CFA Mock version B case: Lehigh

Hey all, having trouble with a question.

Lehigh wants to sythetically modify the duration of a position to a target of 3. It is currently 5. Market Value 20M. What is the notational principle of the swap that is needed.

The swaps to choose from are

A 2yr Maturity -2.125 Duration

B 3yr Maturity -3.375 Duration

C 3.5yr Maturity -3.625 Duration

In the answer they use Swap C to figure out the problem. Why is Swap C used?

Thanks!

you have your durations possibly wrongly calculated.

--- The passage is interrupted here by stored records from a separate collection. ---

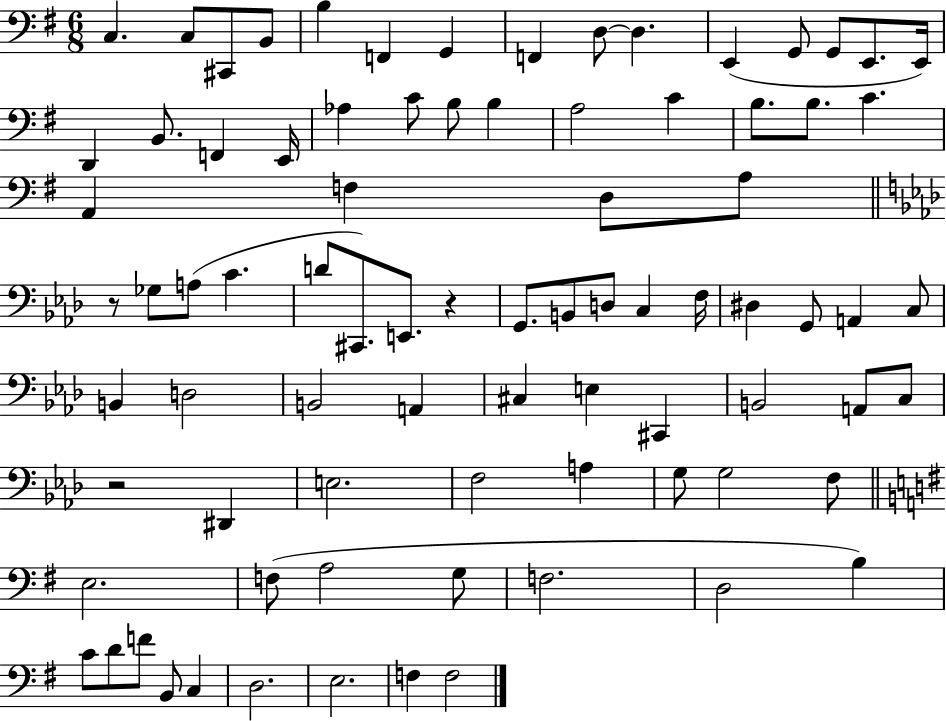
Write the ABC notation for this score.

X:1
T:Untitled
M:6/8
L:1/4
K:G
C, C,/2 ^C,,/2 B,,/2 B, F,, G,, F,, D,/2 D, E,, G,,/2 G,,/2 E,,/2 E,,/4 D,, B,,/2 F,, E,,/4 _A, C/2 B,/2 B, A,2 C B,/2 B,/2 C A,, F, D,/2 A,/2 z/2 _G,/2 A,/2 C D/2 ^C,,/2 E,,/2 z G,,/2 B,,/2 D,/2 C, F,/4 ^D, G,,/2 A,, C,/2 B,, D,2 B,,2 A,, ^C, E, ^C,, B,,2 A,,/2 C,/2 z2 ^D,, E,2 F,2 A, G,/2 G,2 F,/2 E,2 F,/2 A,2 G,/2 F,2 D,2 B, C/2 D/2 F/2 B,,/2 C, D,2 E,2 F, F,2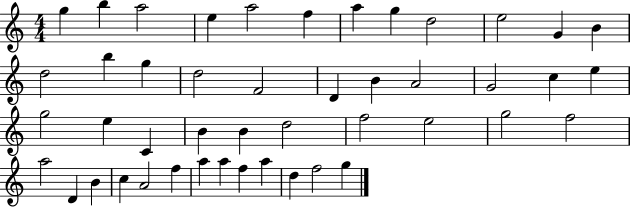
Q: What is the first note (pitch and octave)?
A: G5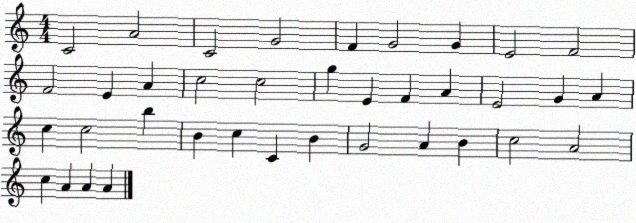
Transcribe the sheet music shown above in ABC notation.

X:1
T:Untitled
M:4/4
L:1/4
K:C
C2 A2 C2 G2 F G2 G E2 F2 F2 E A c2 c2 g E F A E2 G A c c2 b B c C B G2 A B c2 A2 c A A A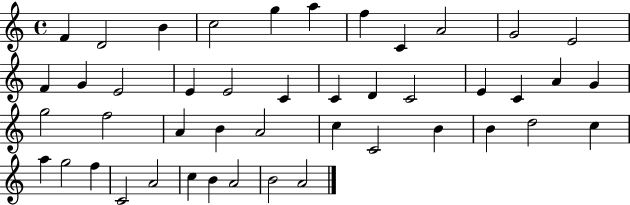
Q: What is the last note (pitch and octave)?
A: A4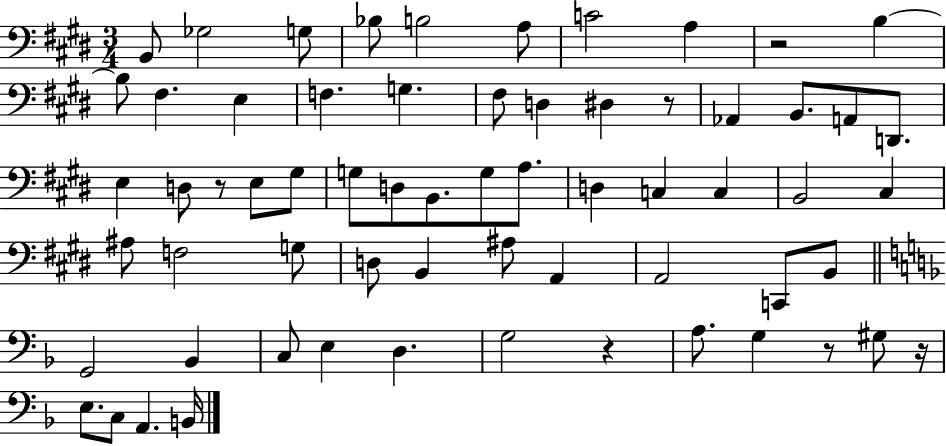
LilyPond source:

{
  \clef bass
  \numericTimeSignature
  \time 3/4
  \key e \major
  b,8 ges2 g8 | bes8 b2 a8 | c'2 a4 | r2 b4~~ | \break b8 fis4. e4 | f4. g4. | fis8 d4 dis4 r8 | aes,4 b,8. a,8 d,8. | \break e4 d8 r8 e8 gis8 | g8 d8 b,8. g8 a8. | d4 c4 c4 | b,2 cis4 | \break ais8 f2 g8 | d8 b,4 ais8 a,4 | a,2 c,8 b,8 | \bar "||" \break \key d \minor g,2 bes,4 | c8 e4 d4. | g2 r4 | a8. g4 r8 gis8 r16 | \break e8. c8 a,4. b,16 | \bar "|."
}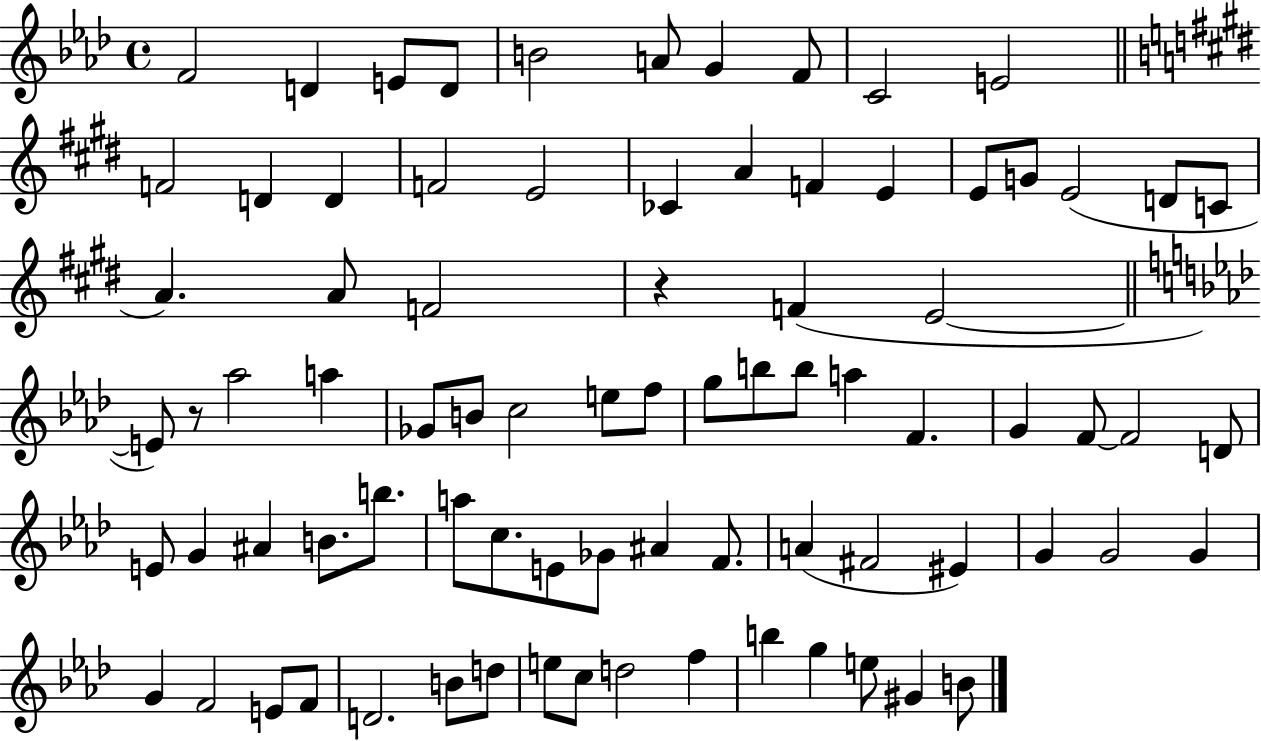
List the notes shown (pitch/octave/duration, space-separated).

F4/h D4/q E4/e D4/e B4/h A4/e G4/q F4/e C4/h E4/h F4/h D4/q D4/q F4/h E4/h CES4/q A4/q F4/q E4/q E4/e G4/e E4/h D4/e C4/e A4/q. A4/e F4/h R/q F4/q E4/h E4/e R/e Ab5/h A5/q Gb4/e B4/e C5/h E5/e F5/e G5/e B5/e B5/e A5/q F4/q. G4/q F4/e F4/h D4/e E4/e G4/q A#4/q B4/e. B5/e. A5/e C5/e. E4/e Gb4/e A#4/q F4/e. A4/q F#4/h EIS4/q G4/q G4/h G4/q G4/q F4/h E4/e F4/e D4/h. B4/e D5/e E5/e C5/e D5/h F5/q B5/q G5/q E5/e G#4/q B4/e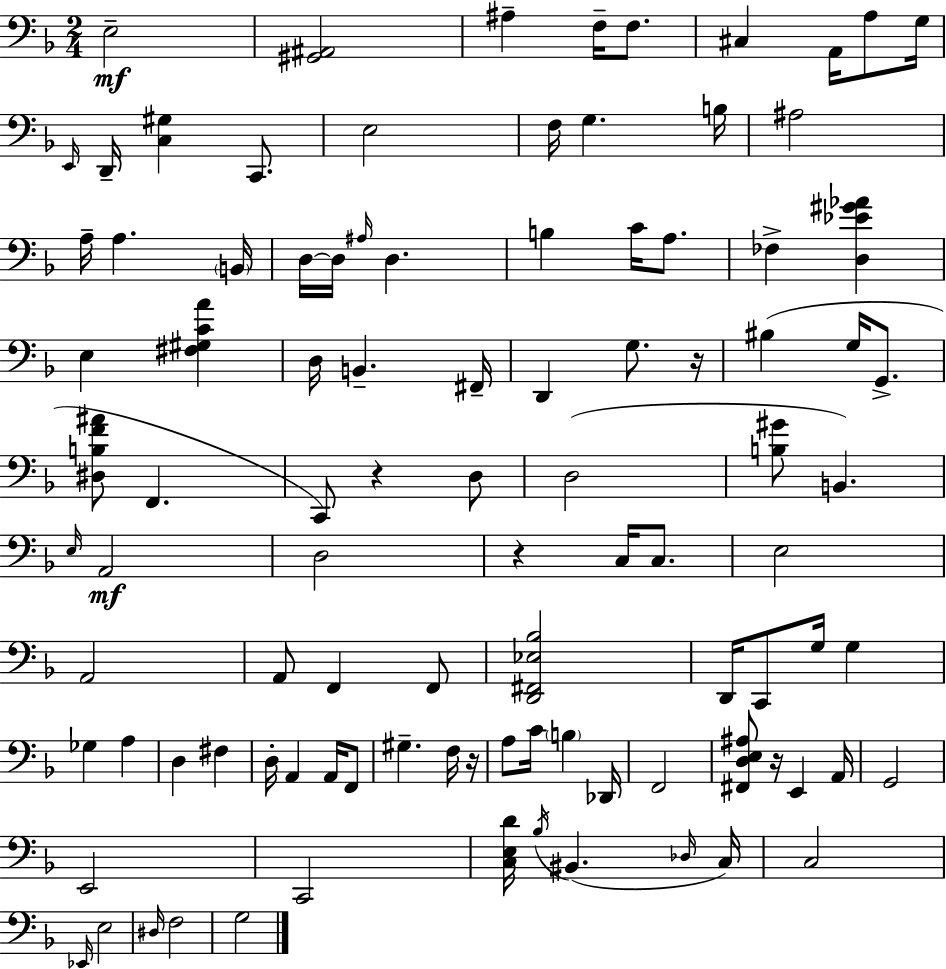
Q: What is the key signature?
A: D minor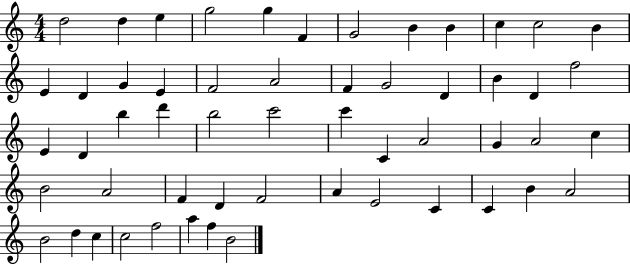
X:1
T:Untitled
M:4/4
L:1/4
K:C
d2 d e g2 g F G2 B B c c2 B E D G E F2 A2 F G2 D B D f2 E D b d' b2 c'2 c' C A2 G A2 c B2 A2 F D F2 A E2 C C B A2 B2 d c c2 f2 a f B2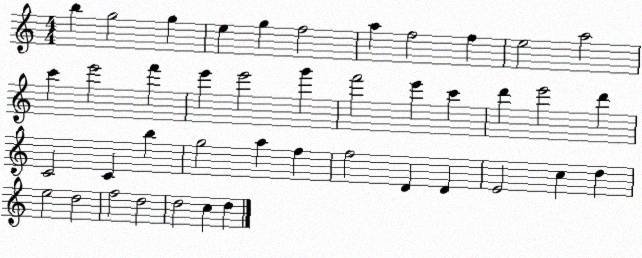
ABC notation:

X:1
T:Untitled
M:4/4
L:1/4
K:C
b g2 g e g f2 a f2 f e2 a2 c' e'2 f' e' e'2 g' f'2 e' c' d' e'2 d' C2 C b g2 a f f2 D D E2 c d e2 d2 f2 d2 d2 c d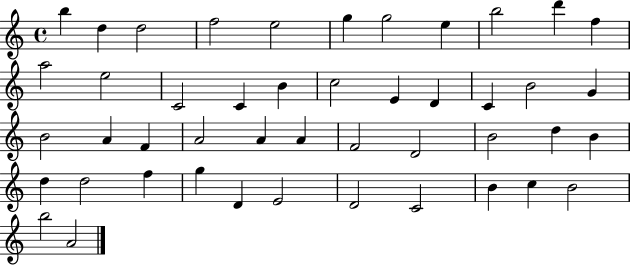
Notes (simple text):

B5/q D5/q D5/h F5/h E5/h G5/q G5/h E5/q B5/h D6/q F5/q A5/h E5/h C4/h C4/q B4/q C5/h E4/q D4/q C4/q B4/h G4/q B4/h A4/q F4/q A4/h A4/q A4/q F4/h D4/h B4/h D5/q B4/q D5/q D5/h F5/q G5/q D4/q E4/h D4/h C4/h B4/q C5/q B4/h B5/h A4/h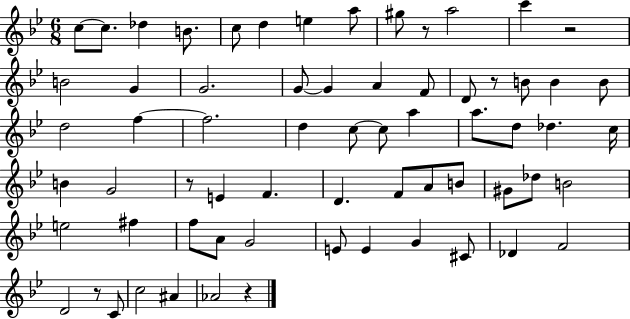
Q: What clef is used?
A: treble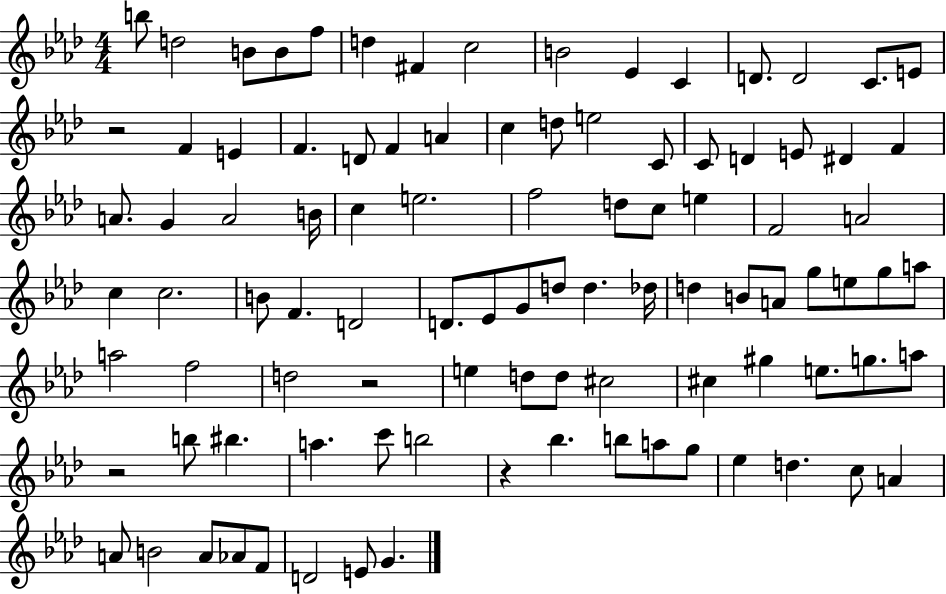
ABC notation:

X:1
T:Untitled
M:4/4
L:1/4
K:Ab
b/2 d2 B/2 B/2 f/2 d ^F c2 B2 _E C D/2 D2 C/2 E/2 z2 F E F D/2 F A c d/2 e2 C/2 C/2 D E/2 ^D F A/2 G A2 B/4 c e2 f2 d/2 c/2 e F2 A2 c c2 B/2 F D2 D/2 _E/2 G/2 d/2 d _d/4 d B/2 A/2 g/2 e/2 g/2 a/2 a2 f2 d2 z2 e d/2 d/2 ^c2 ^c ^g e/2 g/2 a/2 z2 b/2 ^b a c'/2 b2 z _b b/2 a/2 g/2 _e d c/2 A A/2 B2 A/2 _A/2 F/2 D2 E/2 G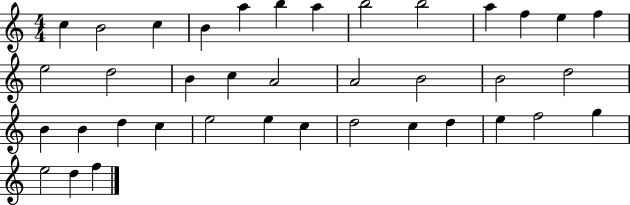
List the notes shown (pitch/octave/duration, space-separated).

C5/q B4/h C5/q B4/q A5/q B5/q A5/q B5/h B5/h A5/q F5/q E5/q F5/q E5/h D5/h B4/q C5/q A4/h A4/h B4/h B4/h D5/h B4/q B4/q D5/q C5/q E5/h E5/q C5/q D5/h C5/q D5/q E5/q F5/h G5/q E5/h D5/q F5/q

I state that just based on the fact that if the swap term fixed were 2 years - duration of the swap would be less than 2. e.g. a 2 year quarterly swap, pay fixed, receive floating - would be -(0.75)(2) + 0.125 = -1.125 and not -2.125 as you have it above.

with regards to your question - the highest swap duration will give you the lowest notional principal.

Hi mate had the same problem this morning … then I figured out that that we have to use the swap with the highest duration (negative duration) so to produce the lowest notional principal. Check pg 453 of the curriculum.

Awesome, I was hoping it’d be an easy answer like that.

Appreciate the help

do we always have to use the highest duration swap? even when we want to increase duration?